● Task goal:
Exact copy, pictures excluded: set down only the lines from the one with "Evaluation of sexual" through the end of the entries, keeping both end lines.

*** Opening Exercise input ***

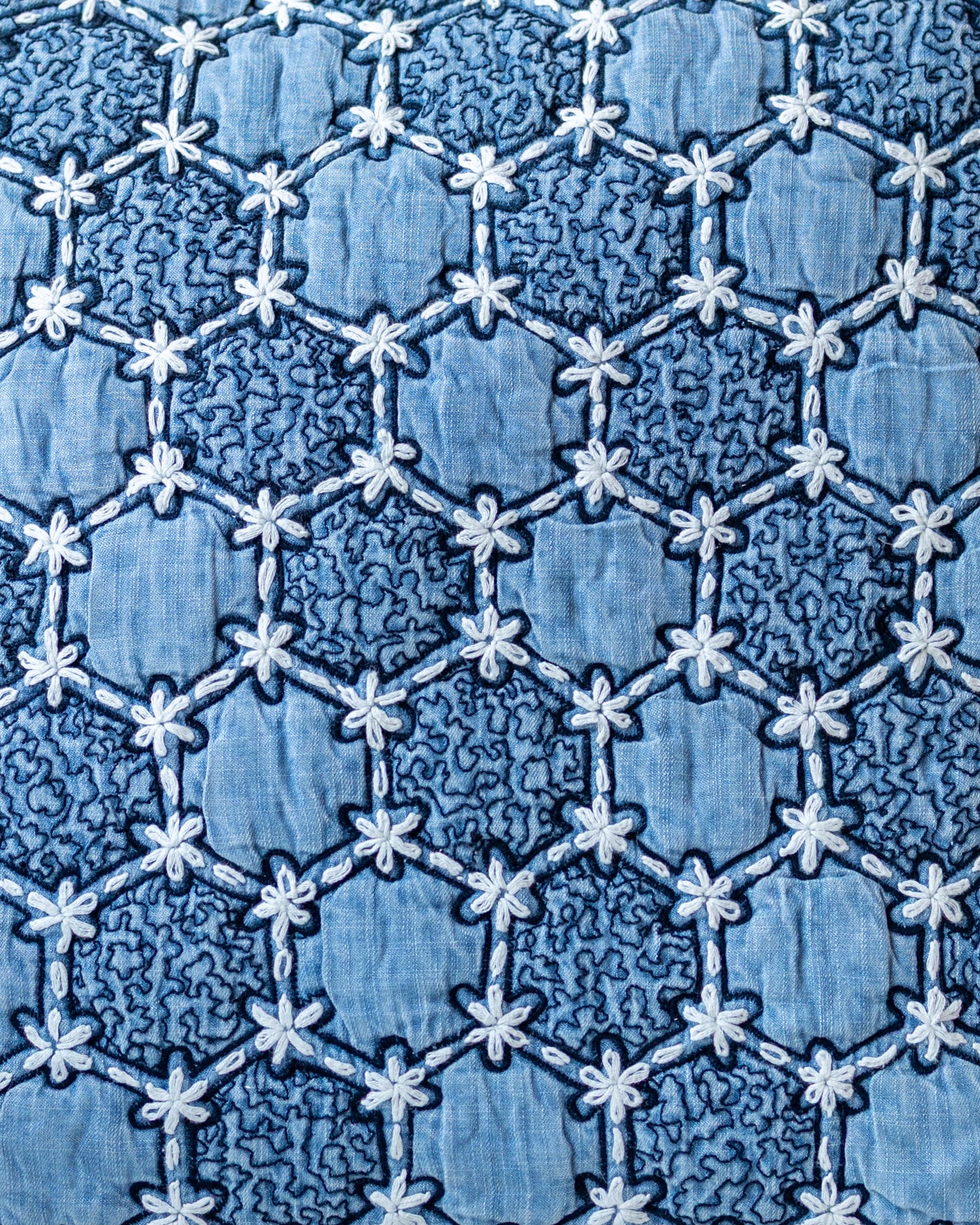 Blue Geometric Embroidered Organic Cotton Throw Pillow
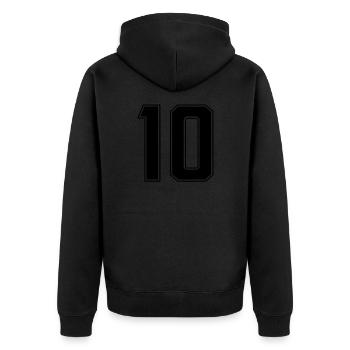 10 ans numéro maillot 10 - Veste à capuche bio Premium Unisexe - noir - Dos - Nico (187cm)
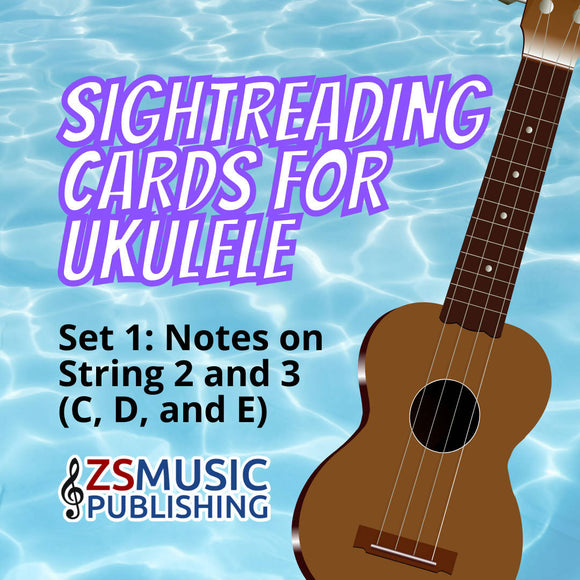 Sightreading Cards for Ukulele Set 1: C-D-E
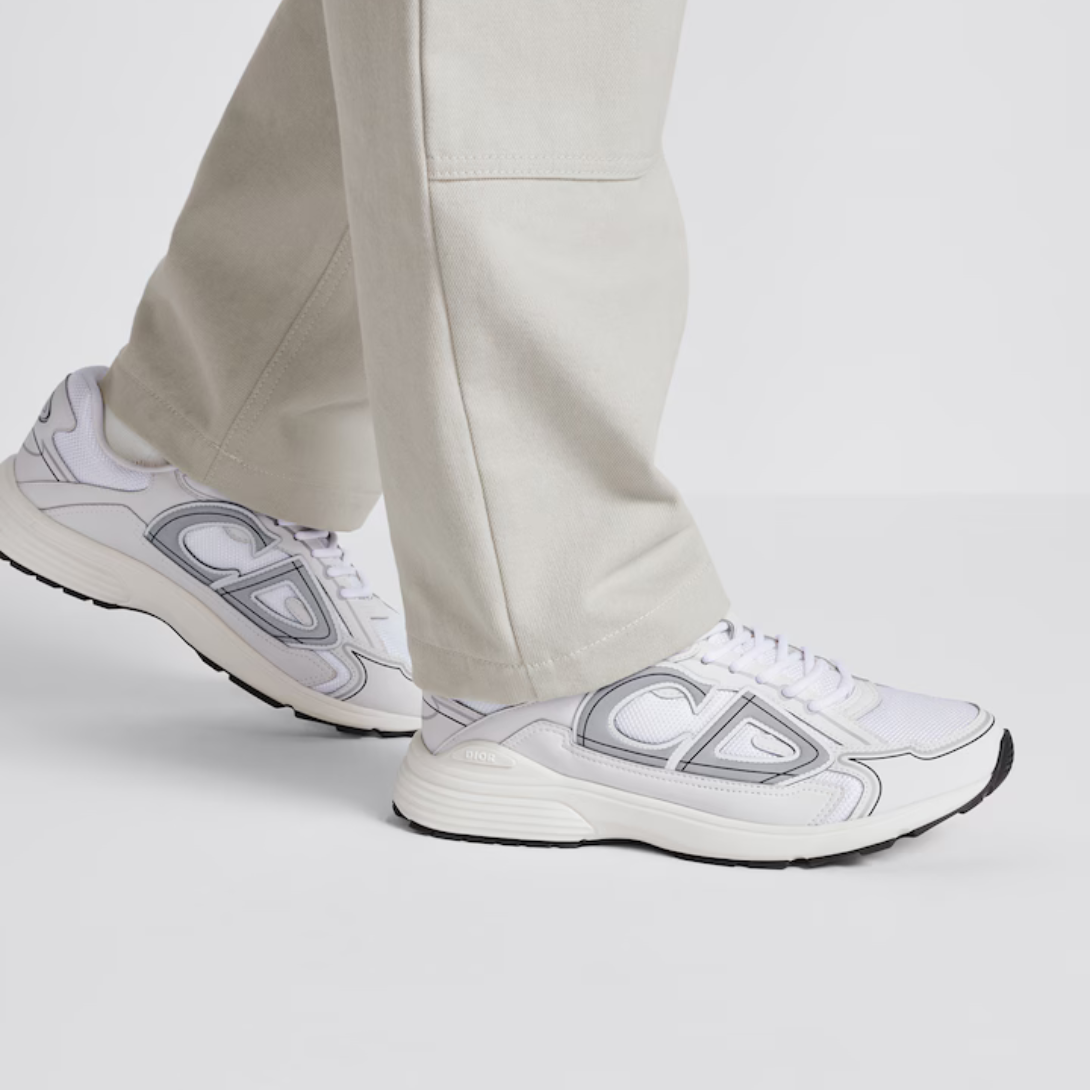 B30 Sneaker White Mesh – crafted in white mesh and technical fabric, it is enhanced by a reflective'CD30'– LUX VERSE Luxury Designer Fashion Outlet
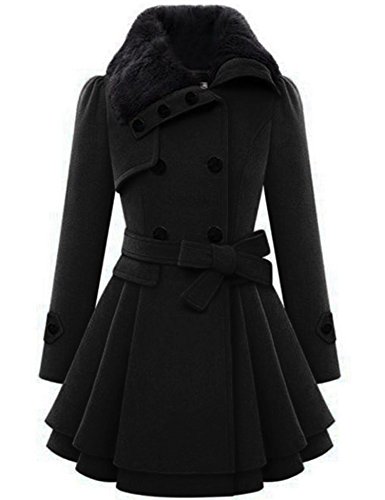 Zeagoo Damen-Trenchcoat, Kunstfell, Revers, zweireihig, dicke Wolle, warm, Größe S-2XL, Schwarz, L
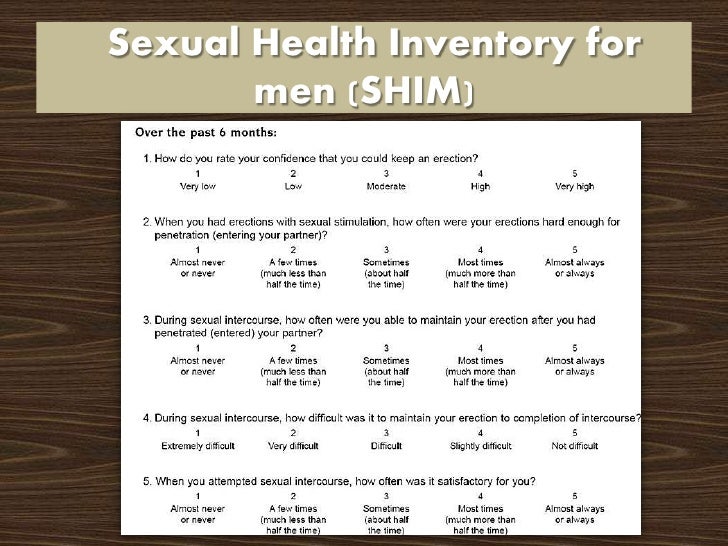Evaluation of sexual function after prostatectomy SHIM score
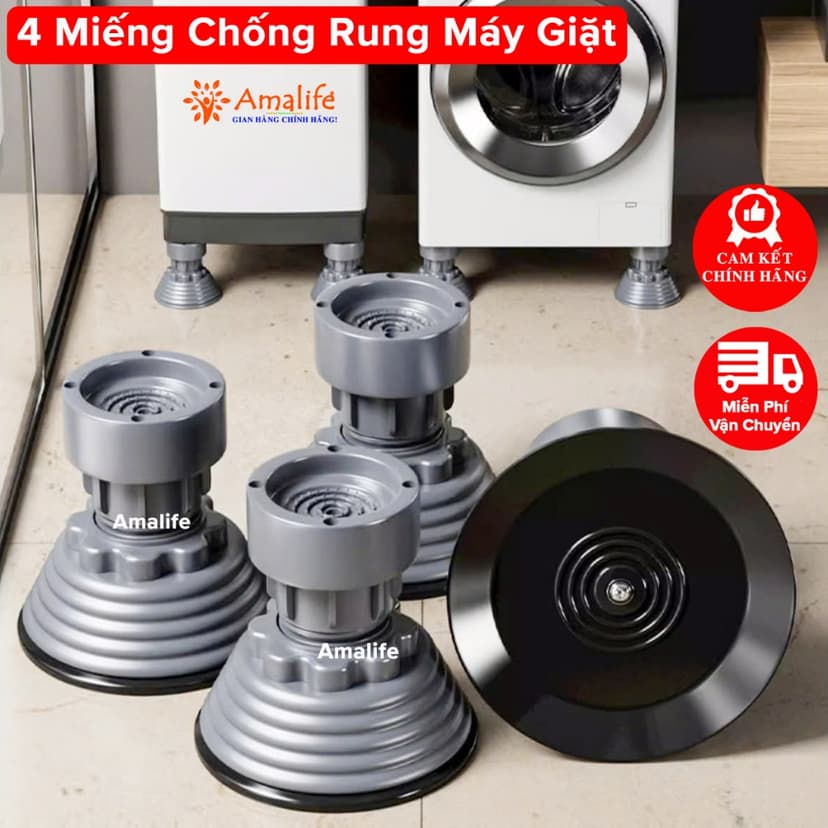 Ảnh Bộ 4 Miếng Đế Đệm Cao Su Mút Lót Kê Chân Máy Giặt Tủ Lạnh Chống Rung Chống Ồn Chính Hãng Amalife 1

*** Closing Exercise input ***

● Completed exercise:
Evaluation of sexual function after prostatectomy SHIM score
 Ảnh Bộ 4 Miếng Đế Đệm Cao Su Mút Lót Kê Chân Máy Giặt Tủ Lạnh Chống Rung Chống Ồn Chính Hãng Amalife 1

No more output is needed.